If so, then a little calculation in the 2 x 2 case shows that it's not
always possible. If your real matrix X is

(a b)
(c d)

then your decomposition requires the product abcd to be negative; so,
for example, you won't be able to do it with

(1 1)
(1 1).

Ken Pledger.

Ken Pledger, Jul 9, 2008

3. ### Helmut JarauschGuest

There is something similar, it's called the Singular Value Decomposition
(SVD for short).

The matrix X is decomposed into U S V' (' denotes transposition)
The matrices U and V, being so-called orthogonal matrices, are rotations
or reflections. The matrix S is diagonal with non-negative entries
in decreasing order of magnitude.
So a matrix can be imagined as a first rotation (V') then a scaling (S)
and finally one more rotation (U).

--
Helmut Jarausch

Lehrstuhl fuer Numerische Mathematik
RWTH - Aachen University
D 52056 Aachen, Germany

Helmut Jarausch, Jul 10, 2008
4. ### Peter SpellucciGuest

this decomposition is impossible for almost all quadratic matrices:
let us stick on invertible X. then of course also D1 and D2 must be invertible.
but this would mean that every regular n times n matrix X could be
transformed into a unitary one by diagonal scaling from the left and the
right. but now take the subset of triangular matrices (and any matrix can
be made triangular by an unitary transform) : the triangular structure is
unaltered by diagonal transforms, but a unitary triangular matrix is diagonal.
(easy exercise), hence also X would be diagonal, and the decomposition
isn't of interest any more.
maybe you confused it with the svd, which Helmut
hth
peter

Peter Spellucci, Jul 10, 2008
5. ### RRogersGuest

Are you trying for a projection type of decomposition? In any case it
would seem you are trying for something like
http://en.wikipedia.org/wiki/Polar_decomposition
I would like to help you out more but my memory is failing me right
now. I know there is a decomposition theorem somewhere; not identical
to your request but similar. Note that you can not just scale and
rotate; there are more degrees of freedom; for instance skew. I seem
to remember that skew (upper triangular matrices with 1's on the
diagonal), scale, and rotation are sufficient for decomposition; I am

Ray

RRogers, Jul 10, 2008
6. ### seagle.99Guest

Thank you all very much!

Actually, what I want to know is whether a GL group action can convert
a diagonal matrix to still a diagonal matrix,
that is, XDX^t=S, where D and S are diagonal matrices, X is
nonsingular square matrix. To solve this equation,
we have XD^(1/2)(XD^(1/2))^t=(S^(1/2)R)(S^(1/2)R)^t, where R is a
rotational matrix. So there exist an R such that
XD^(1/2)=S^(1/2)R, which means X=S^(1/2)RD^(1/2).

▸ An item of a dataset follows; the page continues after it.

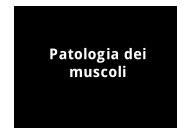 Patologia dei muscoli (.pdf) - Cardiosport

Thank you for noticing me this decomp. can not be made for all
nonsingular matrices! So are there some if and only if rule to decide
which matrix can and which can't? Thank you!

seagle.99, Jul 12, 2008
7. ### Peter SpellucciGuest

within some limits: yes.
remember Sylvesters law of inertia: from the nonsingularity of X
(.^t means transposition , I assume this!) it follows that D and S
have the same inertia. Now consider two symmetric real matrices with the same
inertia, A and B.
then, using Gaussian elimination with diagonal pivoting you may write

A= P_a* L_a* D_a * L_a^t *P_a^t
B= P_b* L_b* D_b * L_b^t *P_b^t

where the L's are invertible and P's are permutation matrices and
D_a and D_b diagonal. hence for
D_a and D_b you finally can write down your desired relation with X implicitly
defined by these decompositions

hth
peter

Peter Spellucci, Jul 14, 2008